One of the Pope’s key advisors has called for urgent action to be taken against a US bishop who shielded a priest who was a threat to children.

Boston Cardinal Sean O’Malley told US network CBS that the case of Bishop Robert Finn of Kansas City is “a question the Holy See needs to address urgently”.

Bishop Finn was found guilty in 2012 of a criminal misdemeanour count of shielding a priest who was a threat to children.

The priest, Shawn Ratigan, was found guilty in 2013 of producing child pornography and was sentenced to 50 years in jail.

Bishop Finn was sentenced to two years probation for waiting six months before telling police that diocesan officials had found pornographic images of young girls on Ratigan’s computer.
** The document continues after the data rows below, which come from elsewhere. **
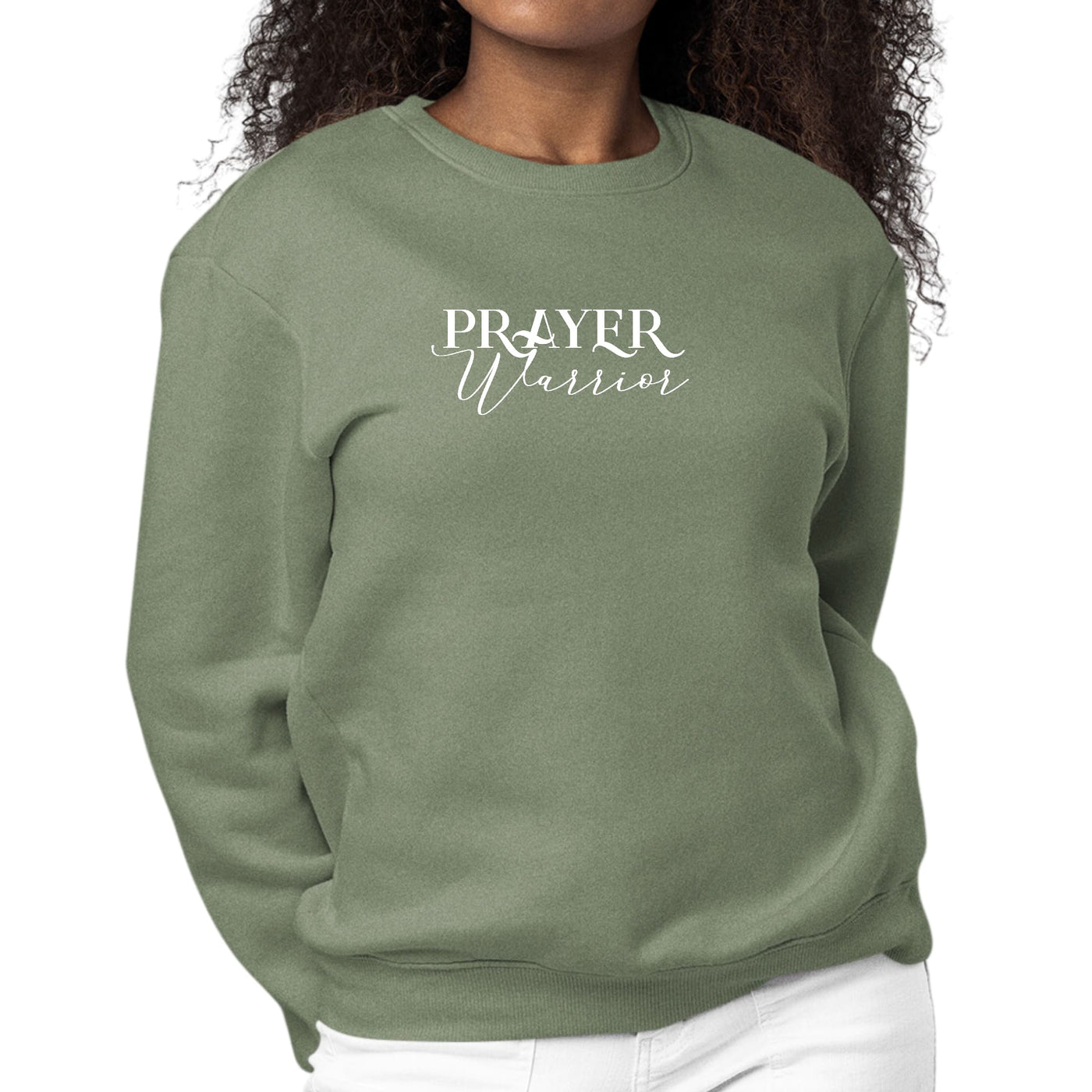 Womens Graphic Sweatshirt Prayer Warrior Script Style Illustration - Womens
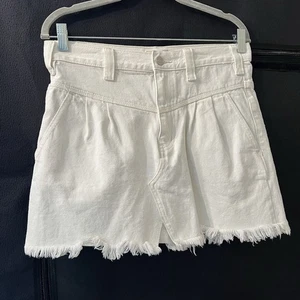 We The Free White Denim Skirt 27 Raw Hem Jean Mini Free People Boho - Picture 1 of 12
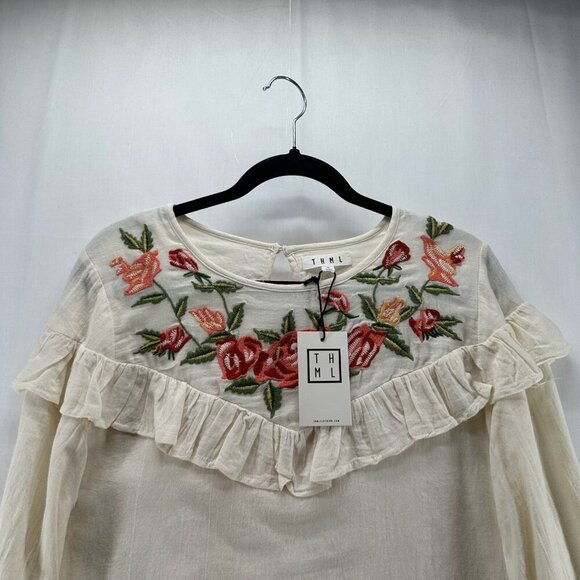 THML Blouse M Embroidered Ruffle Top Peasant Flounce Sleeve Cotton Cream - Picture 3 of 11
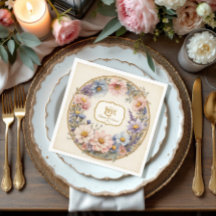 Elegante Vintage Floral Watercolor Azul-rosa n Dou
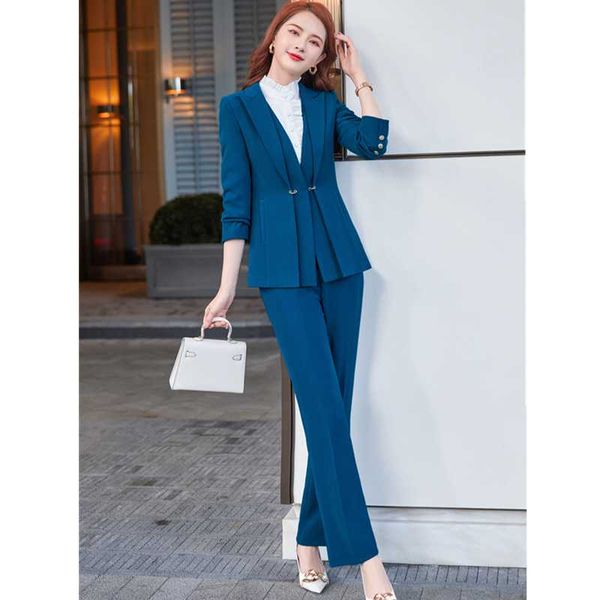 women's two piece pants 2021 high-end light luxury professional suit women korean fashion autumn and winter elegant business suits, White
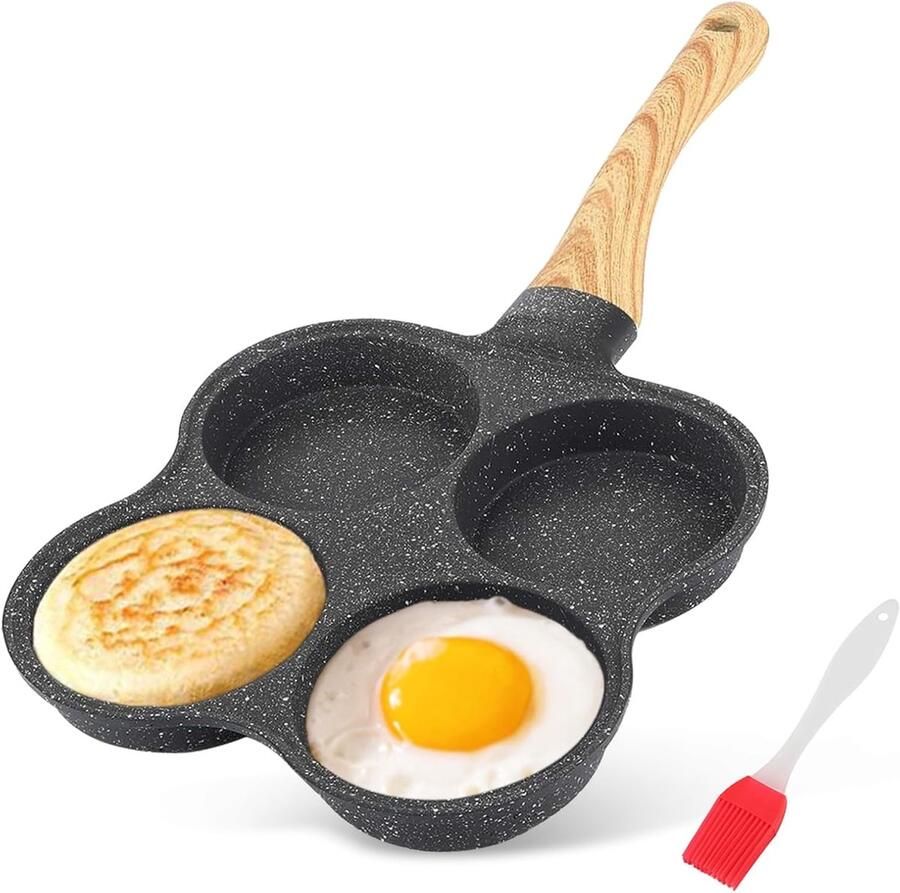 Koekenpan 4-Cup Aluminium Eierpan Omelet Maker Ontbijt Pannenkoek Maker voor Gasfornuis Inductiekookplaat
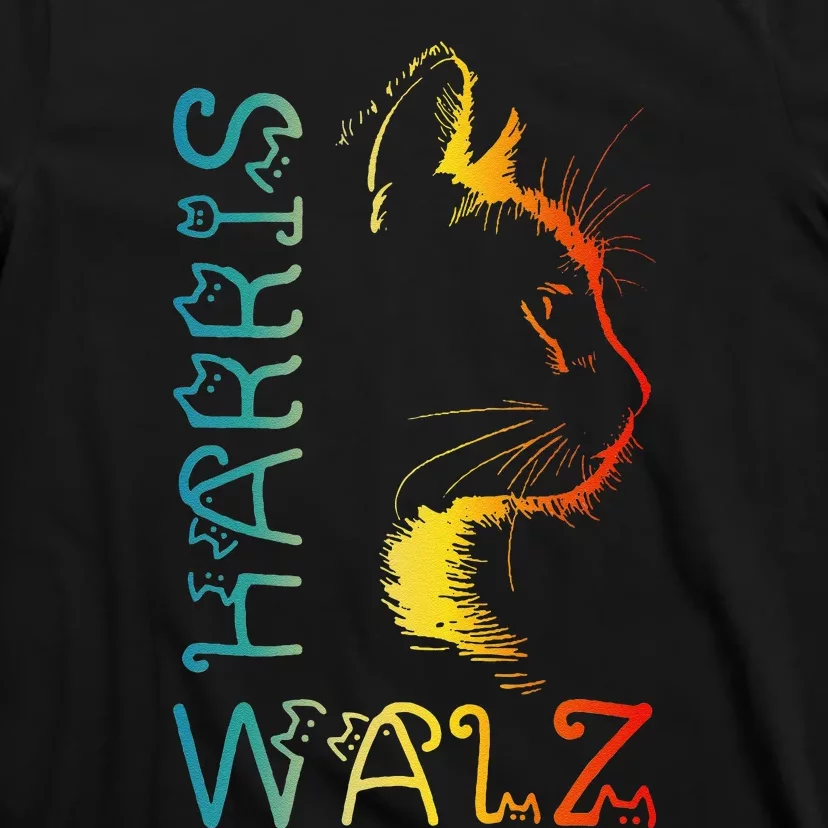 Harris Waltz 2024 Kamala Walz Cat Lettering Positive Funny Gift T-Shirt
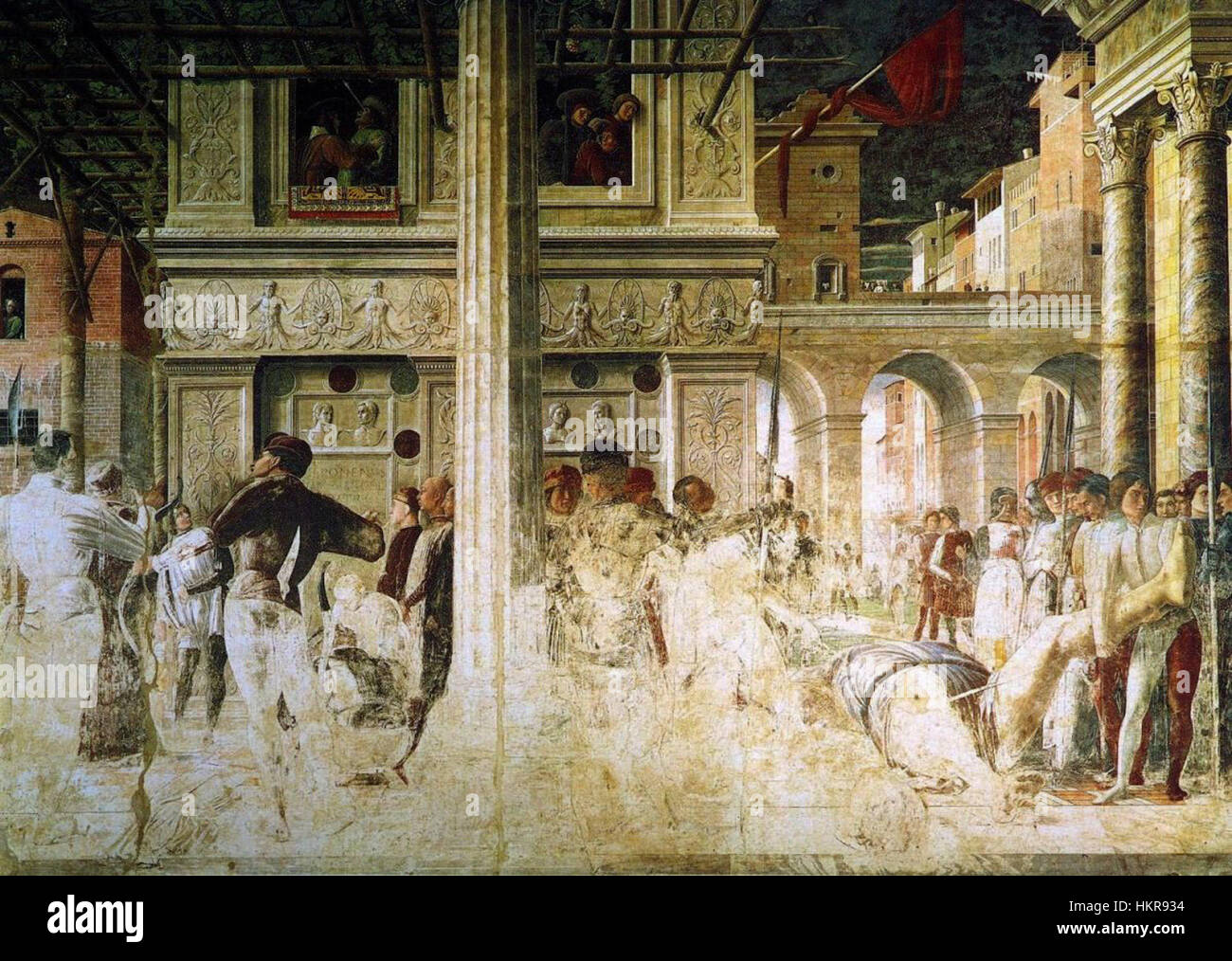 Die *Cappella Ovetari* ist eine bedeutende Kapelle in Italien, die für ihre Kunst und Fresken bekannt ist. Die Geschichte der Kapelle ist in der Renaissance verwurzelt und zeigt lebendige religiöse Kunstwerke. Stockfoto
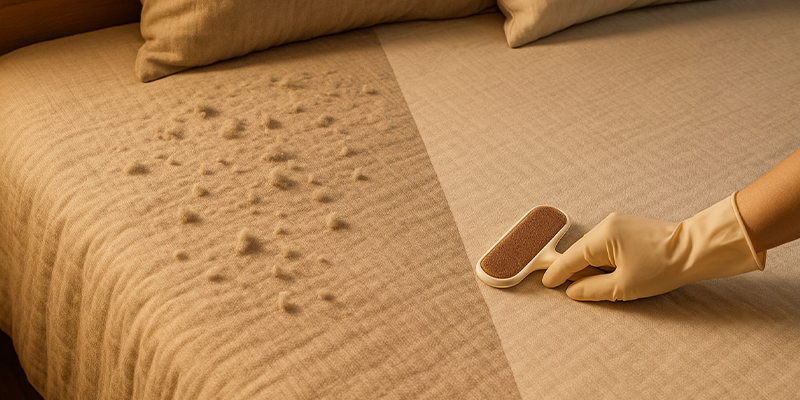 قبل و بعد رفع پرز روتختی با روش‌های خانگی ساده و مؤثر برای جلوگیری از پرزدهی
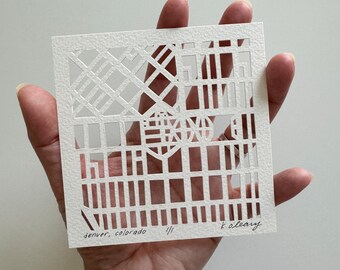 Denver, Grand Lake, or Aspen, Colorado Hand Cut Map Artwork, 4x4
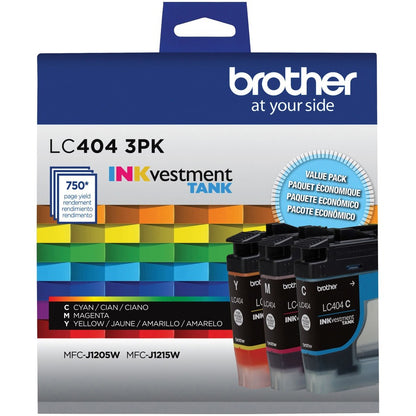 Brother INKvestment LC4043PK Original Standard Yield Inkjet Ink Cartridge - Cyan, Magenta, Yellow - 3 Pack LC4043PKS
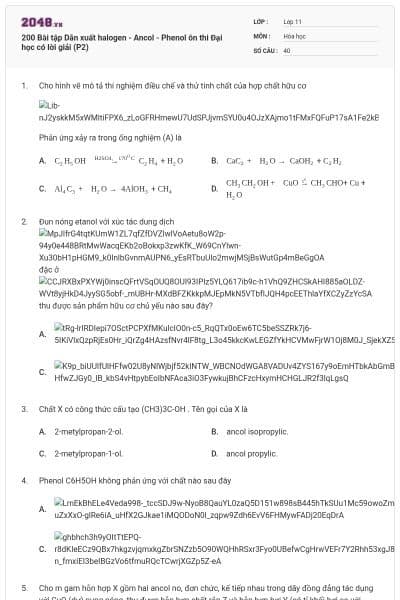 200 Bài tập Dẫn xuất halogen - Ancol - Phenol ôn thi Đại học có lời giải (P2)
Cardinal O’Malley, who heads the Pontifical Commission for the Protection of Minors, said Pope Francis recognises the need to address the Bishop Finn situation.

Speaking to CBS News, Cardinal O’Malley agreed that under the Catholic Church’s zero-tolerance policy, he wouldn’t let Bishop Finn teach Sunday school in Boston, let alone head a diocese.

CBS interviewer Norah O’Donnell put it to Cardinal O’Malley that one of the “biggest scandals” of the Church in recent years is the way bishops handled priests accused of abuse.

Cardinal O’Malley responded that is something he and the commission are working on.

“One of the first things that we came up was the importance of accountability and we’re looking at how the Church can have protocols and how to respond when a bishop has not been responsible for protection of children in his diocese,” he stated.

In September, Canadian Archbishop Terrence Prendergast visited Kansas City diocese on behalf of the Vatican to investigate Bishop Finn’s leadership.

In the CBS interview, Cardinal O’Malley also called a Vatican doctrinal investigation of American nuns “a disaster”.

Cardinal O’Malley is one of the council of cardinal advisors to Pope Francis.

The CBS 60 Minutes item was broadcast on November 16.